-- WHAT TO PRODUCE --
Could you restate word for word each line from the top of the listing below through the line containing "If safety is"? Keep the pictures out.

-- PROVIDED MATERIAL --

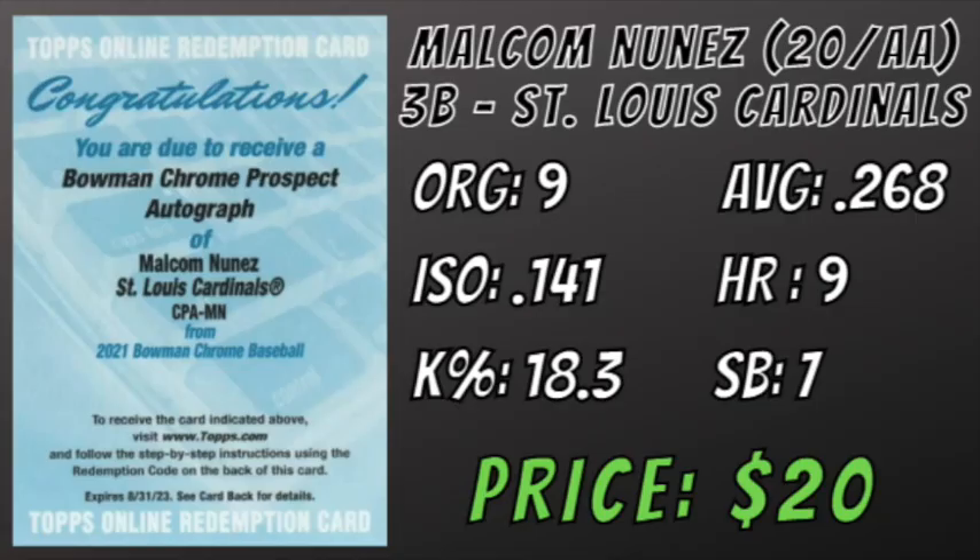In spot number three, we have a bat-first masher in the St. Louis Cardinals organization who climbed two levels all the way to AA this year. Malcolm Nunez is a 5'11", 210-pound third base prospect who hit his way to AA this year as a 20-year-old. Through both levels, he had a .268 batting average with 9 home runs, 15 doubles, and 375 plate appearances while maintaining a sub-20% K rate.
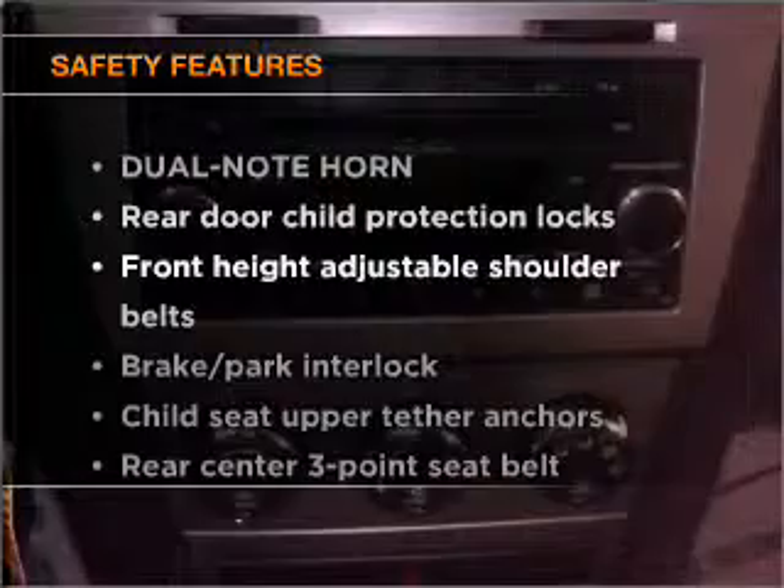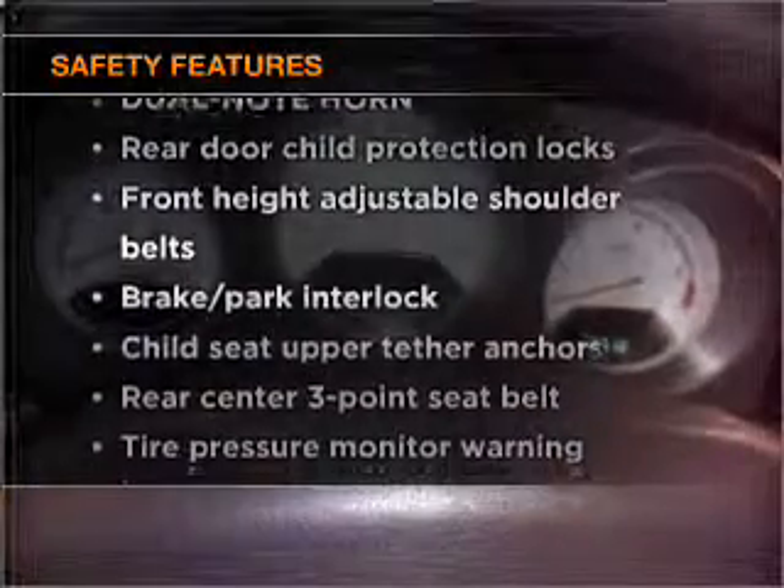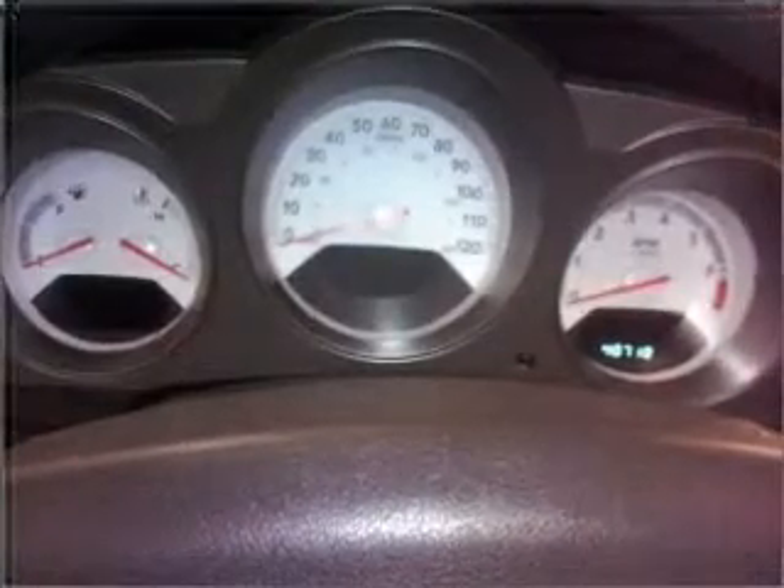If safety is a high priority, rest assured knowing that these top safety components are included: side airbag. Our website offers more information on all of our vehicles. Call us today to start test driving.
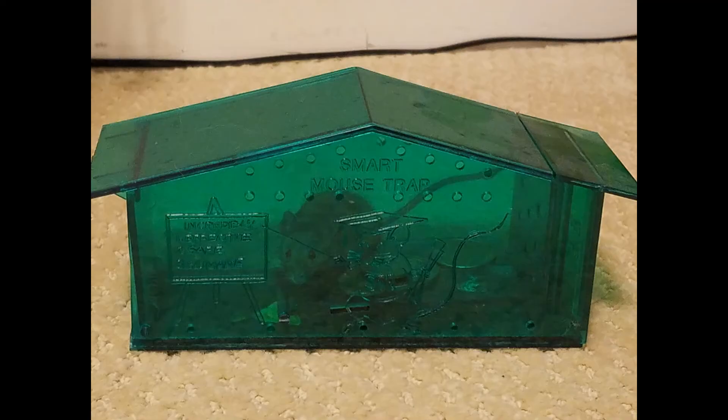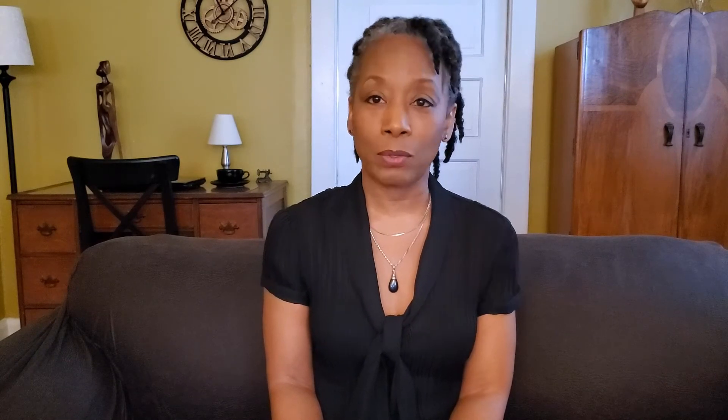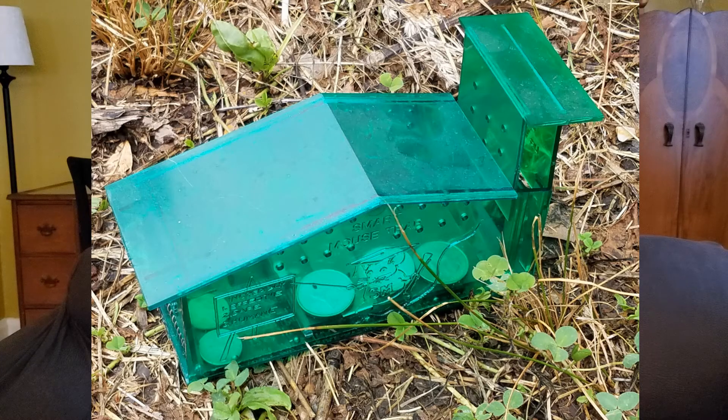Eventually she came back again to eat and this time the mousetrap caught her. There's a vacant lot nearby that is overgrown with trees and grass and so forth, which would be a suitable environment for a mouse. So I brought the trap there, released the mouse, and she went about her business.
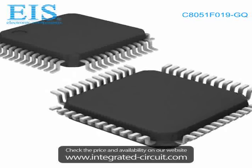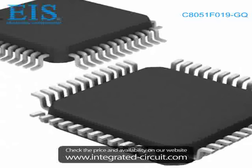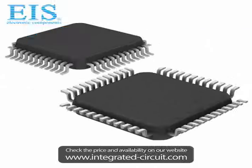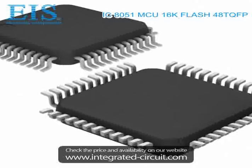Hello, this is Tams from Excellent Integrated System Limited. We are a professional stocking distributor of electronic components. We have many components in stock which can be shipped immediately after order.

-- TASK RESULT --
In spot number three, we have a bat-first masher in the St. Louis Cardinals organization who climbed two levels all the way to AA this year. Malcolm Nunez is a 5'11", 210-pound third base prospect who hit his way to AA this year as a 20-year-old. Through both levels, he had a .268 batting average with 9 home runs, 15 doubles, and 375 plate appearances while maintaining a sub-20% K rate.
If safety is a high priority, rest assured knowing that these top safety components are included: side airbag. Our website offers more information on all of our vehicles. Call us today to start test driving.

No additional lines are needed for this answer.